Like the Ramones before them, the Cribs are kinda like the idiot savants of pop. They were never really been considered contenders but have not only outlived all the other “post-Strokes” bands but also out performed them easily simply by churning out a handful of irresistible indie-punk anthems over the past three years. The result is a dedicated fanbase and chance on album number three to break “the glass ceiling” and “Men’s Needs” did everything it needed to do to launch the band into the top 20, get them a slot at the V Festival and net Ryan Jarman a celebrity girlfriend (bizarrely… Kate Nash !?!)
 
Naturally being The Cribs there’s some “Whoa-oh oh oh’s!” thrown in just before the instrumental break. Franz’ Alex Kapranos does a splendid job making quite the impression as a producer, giving The Cribs sound some much needed pop-sheen subtly mixing in some soft plinky (almost steel-drum sounding) synth notes to highlight the chorus like a wash on a painting.
 
This single is a lesson in pop-craft that all secondary indie bands stuck at the Barfly should pay attention to.


 

1 Comment »

  1. Well, I’m not going to bother making you that mix CD that I promised you more than 6 months ago, since you have a bunch of the songs in your 50 (though it does make me realise I was on the right track with the songs I was putting on it).

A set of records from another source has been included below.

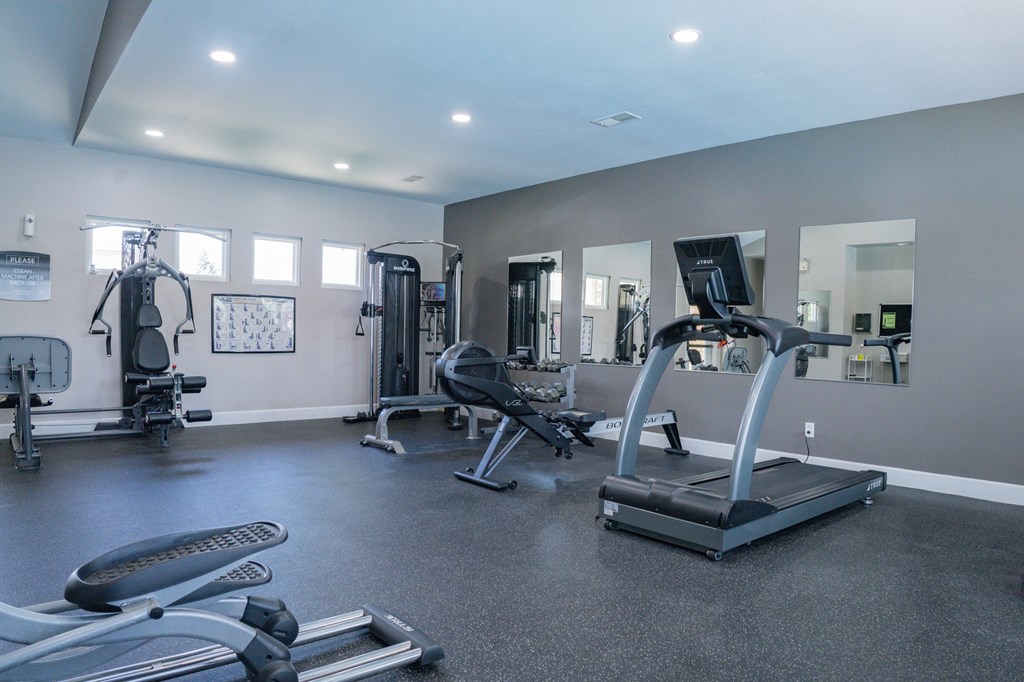 A spacious gym with a variety of equipment including treadmills, weights, and exercise machines.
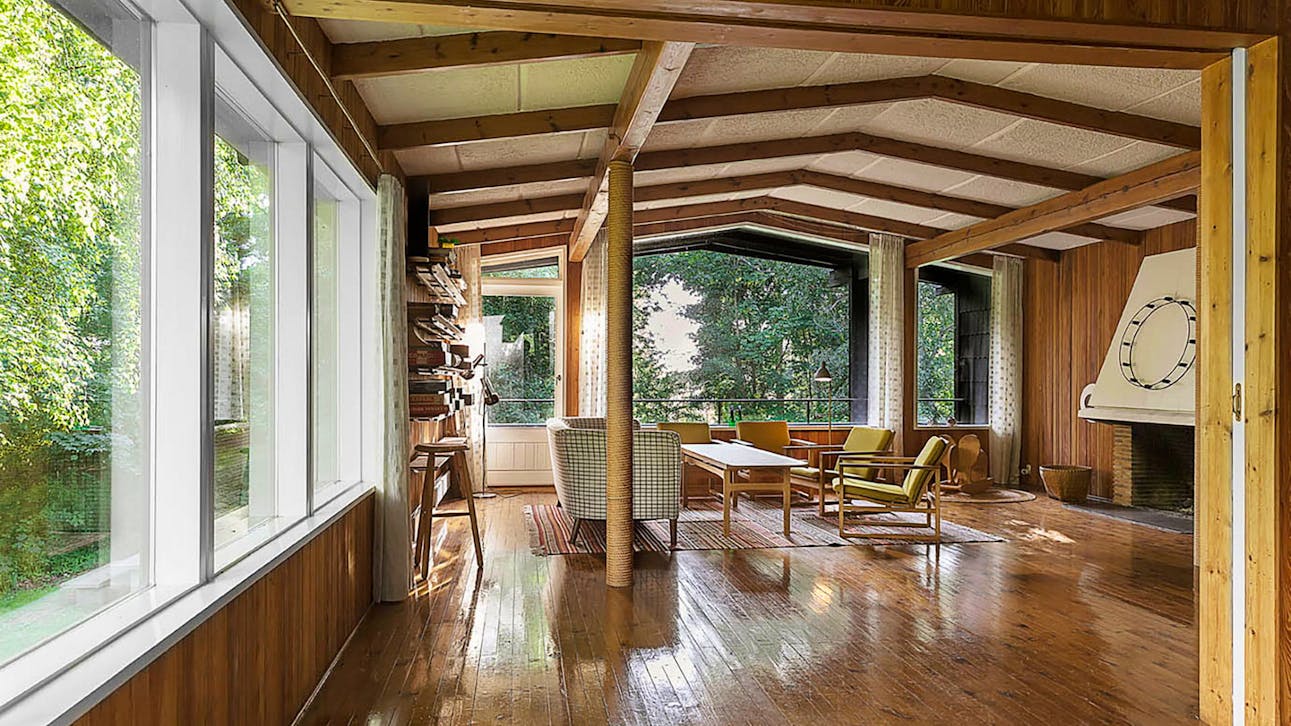 Stuen på første sal med pejs og et panoramavindue med et fantastisk kig til de frodige omgivelser.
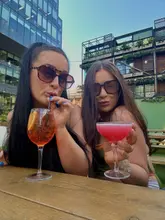 A photo of two women posing with cocktails at an outdoor venue, capturing a social, sunny atmosphere.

    Don’t go writing Bishop Allen off as radio-rock (if that was the sort of thing they played on radiom, I might start listening again), they’re actually managing to maintain credibility in the face of success I never would have thought possible a couple of years back when I tried desperately to get their first album and they ignored all my attempts to contact them. I’m as surprised as anyone, I was sure there would be claims of selling out as soon as they started releasing ACTUAL ALBUMS through ACTUAL RECORD LABELS as opposed to self-releasing EPs through mailorder only. Plus, if I’d done a Nooshie 50 of 2006 (obviously not using the “one song per band” rule), they’d be responsible for at least 10 songs.
    No other band has made a song that made me fumble through my bag for sunglasses in a lame attempt to hide the fact that I was crying in the middle of a shopping centre in Cardiff. In fact, almost no other band ever has made a song that can even make me cry once, let alone every single time I hear it.

    Still, you’re lucky you did say that about Bishop Allen, because it distracted me from the rant about how utterly awful I think Operator Please are that you would have got otherwise.